= Activity =
Please copy all of the data that follows exactly, leaving any pictures out.

= Data below =
= Beginning of Section =
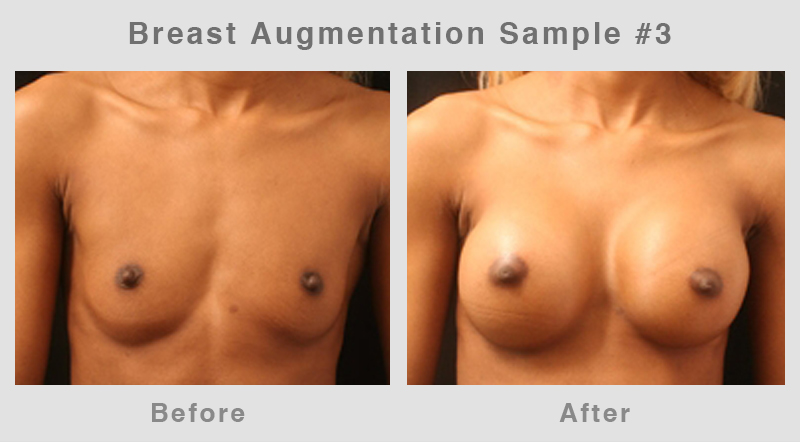 BreastAugSample3 Breast Augmentation Before & After Picture 3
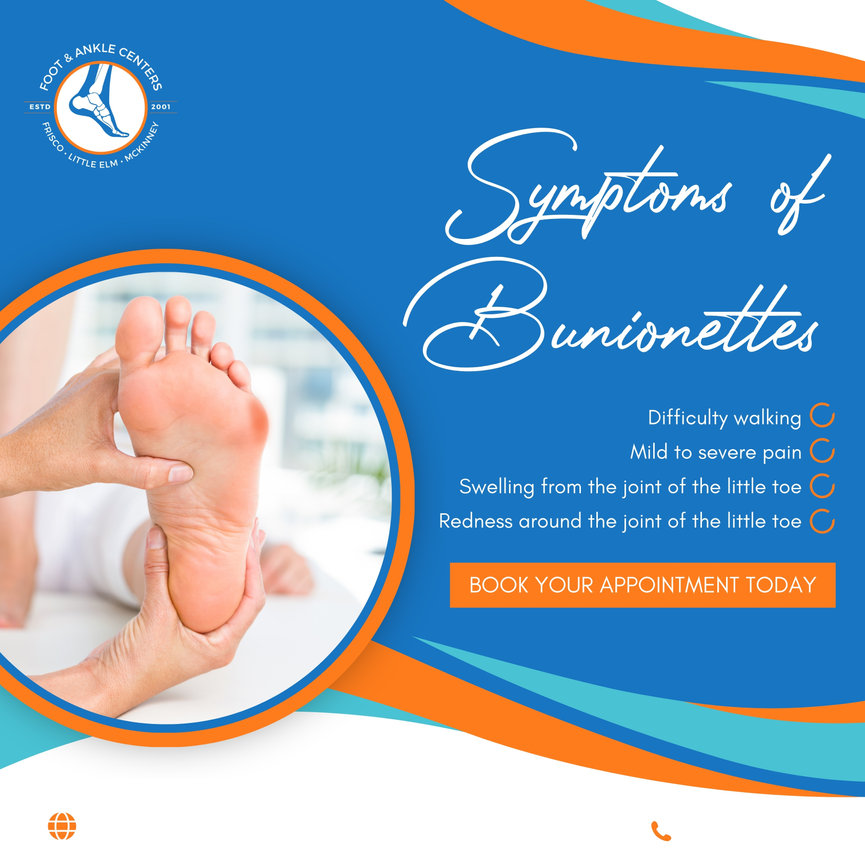 Understanding the Symptoms of Bunionettes in Frisco, Little Elm, and ...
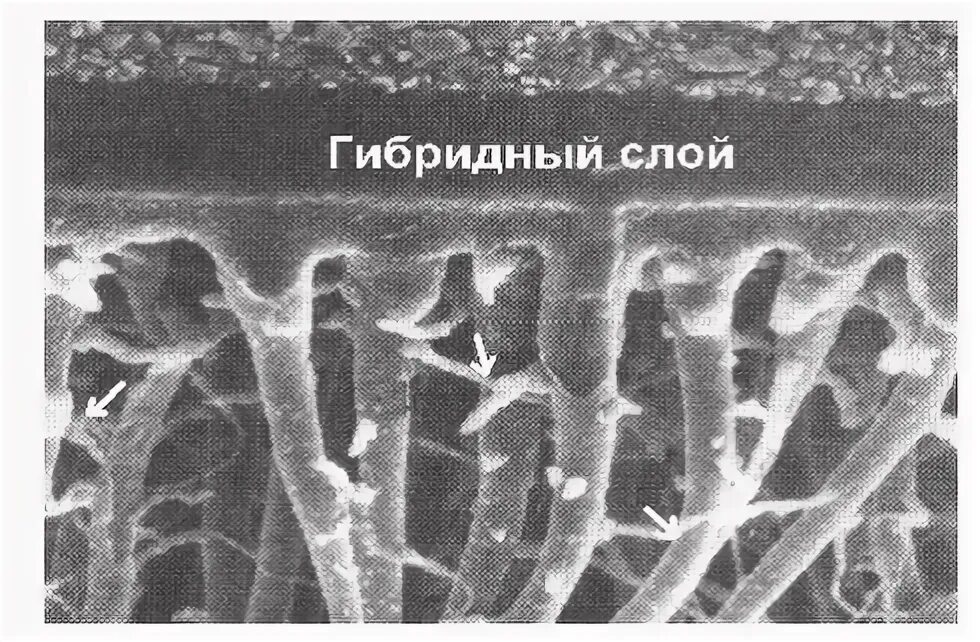 Формирование гибридной зоны. Гибридная зона. Гибридная зона. Гибридная зона. Гибридный слой в стоматологии.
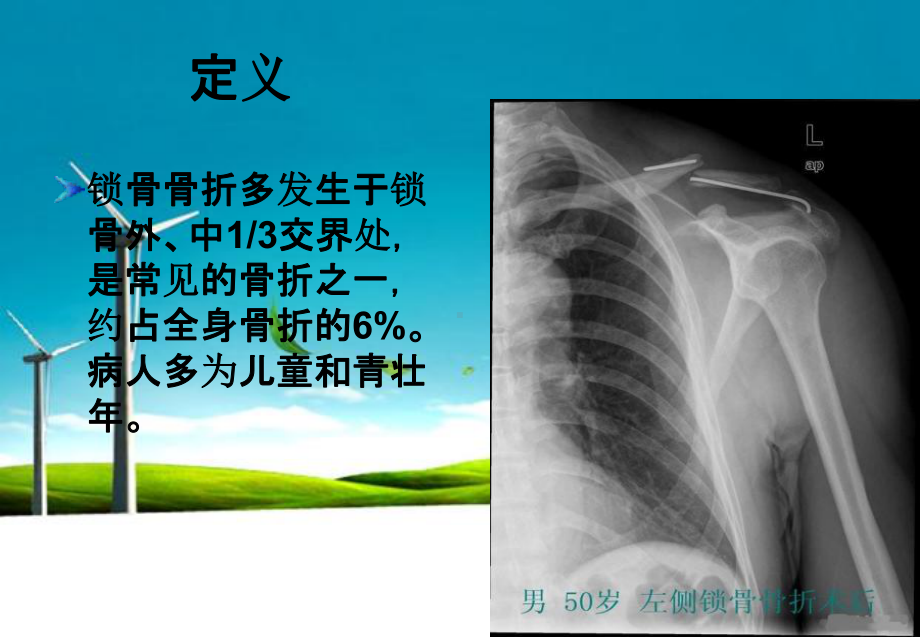 锁骨骨折的护理ppt课件.ppt_第2页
= End of Section =
= Answer =
 BreastAugSample3 Breast Augmentation Before & After Picture 3
 Understanding the Symptoms of Bunionettes in Frisco, Little Elm, and ...
 Формирование гибридной зоны. Гибридная зона. Гибридная зона. Гибридная зона. Гибридный слой в стоматологии.
 锁骨骨折的护理ppt课件.ppt_第2页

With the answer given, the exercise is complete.